Nevertheless, the reference to Anne Frank did remind me of the frequent calls for restitution from survivors of the Holocaust or victims of Nazi looting, and the obvious comparison with the lack of restitution granted to Arab Palestinians who were driven off their lands before and after the establishment of the state of Israel. That is the crux of the grievance against Israel and is the root cause behind those who call for the destruction of the state of Israel. Address that issue satisfactorily and the support for Hamas will fall away.

Chris Paul said...

Pants Iain. the Palestinians have been screwed over and over again. the deal has got worse and worse. more land has been nicked. More promises have been broken. And worst of all through all this robust activity the people of Israel have been pu into more and more jeopardy.

The latest action following the death of one Israeli citizen by rocket (vs six Gazaans on 4 Nov and various other Palestinians by rifle shot) has increased Israeli deaths by a factor of 10 in just a couple of weeks.
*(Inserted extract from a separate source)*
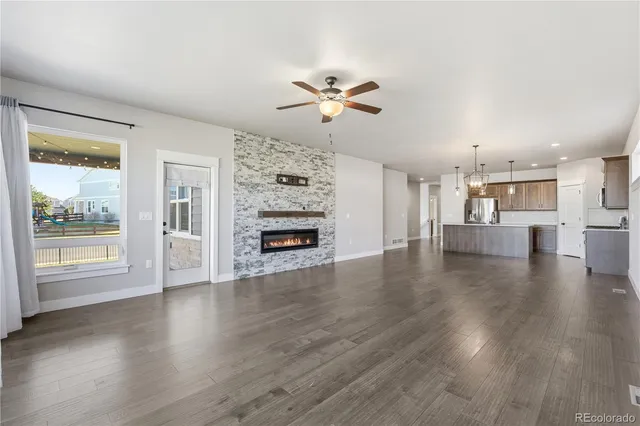 a view of a livingroom with wooden floor a ceiling fan and windows
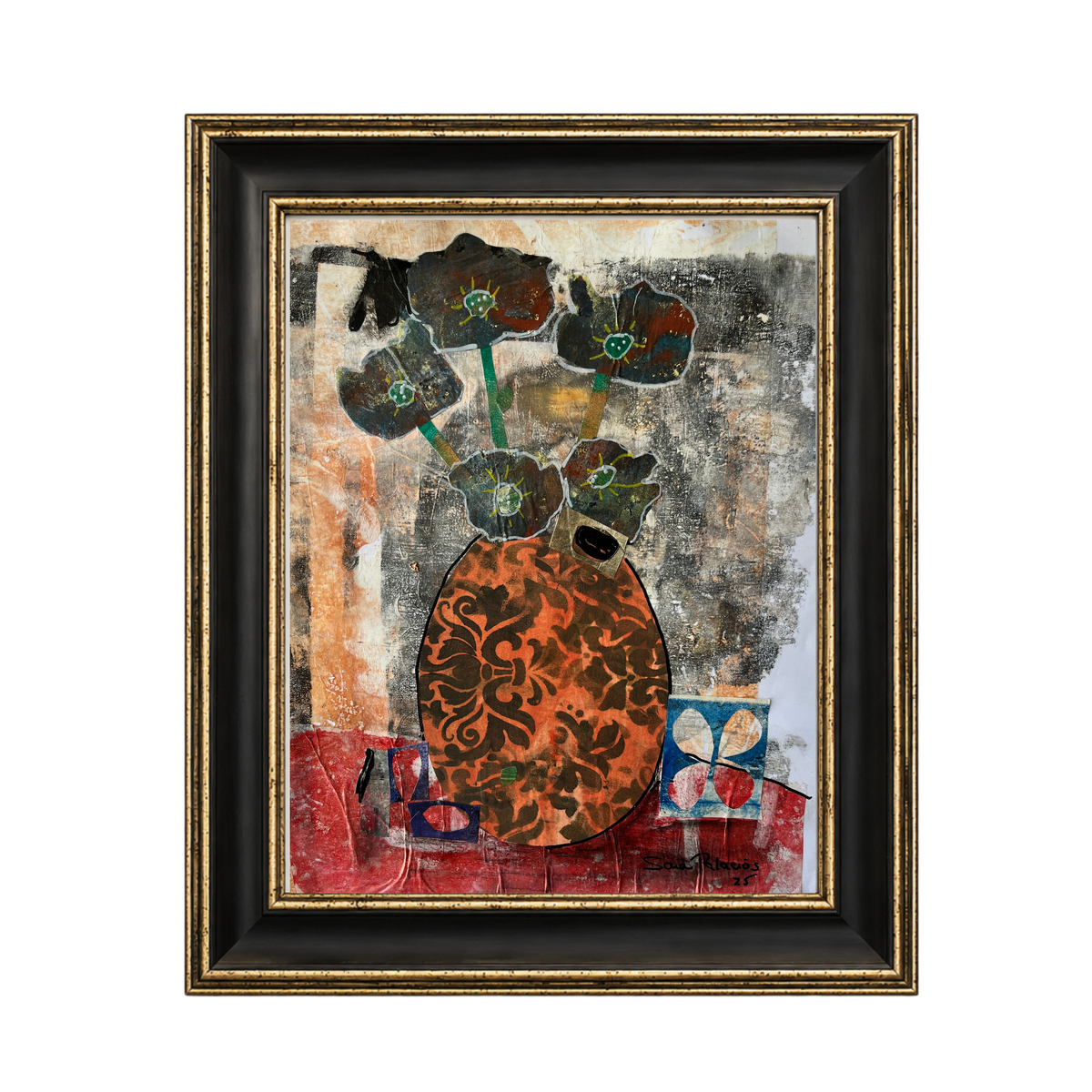 Framed abstract art print featuring a stylized orange and black patterned vase with dark flowers on a textured multicolor background, enclosed in a black and gold frame.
The sort of death toll that Hamas' pathetic "rockets" and "missiles" would take five years to have brought about. And, oh yes, 700 Palestinians have been slaughtered, around a third of them children.

Bloody brilliant. Well done you!

Hamas militants can be wrong without making Israel right.

Jimmy said...

Finkelstein's normally a decent writer. This piece however is utter bilge.

"Who can see pictures of children in a war zone or a slum street and not be angry and bewildered and driven to protest?"

If he wants an answer to that he should come on here.

Carl Eve said...

I take it you're now calling the Red Cross an appeasing useful idiot Iain?

http://news.bbc.co.uk/1/hi/world/middle_east/7817926.stm

Alan Hood said...

Iain, please read this article written by an Israeli journalist who originally fought for the creation of Israel in 1948 and now is a peace activist. He explains extremely well the folly of Israel's actions:

http://www.arabnews.com/?page=7&section=0&article=117935&d=8&m=1&y=2009

By the way the Palestinians were not offered the whole of the West Bank and the majority have accepted the Arab Peace Plan endorsed by all the Arab governments. This is full recognition and relations with Israel in return for going back to the 1967 borders and a fair deal for the Palestinian refugees.

The only alternative is the one state solution where everyone there has the same rights but then it would not be a Jewish state. Similar arguments about South Africa and the Afrikaners.